> _Try it_
Retype all of the data that follows, line for line.

> _Stored data_
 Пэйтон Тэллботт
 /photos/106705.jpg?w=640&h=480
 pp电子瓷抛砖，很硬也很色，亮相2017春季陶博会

> _Written answer_
 Пэйтон Тэллботт
 /photos/106705.jpg?w=640&h=480
 pp电子瓷抛砖，很硬也很色，亮相2017春季陶博会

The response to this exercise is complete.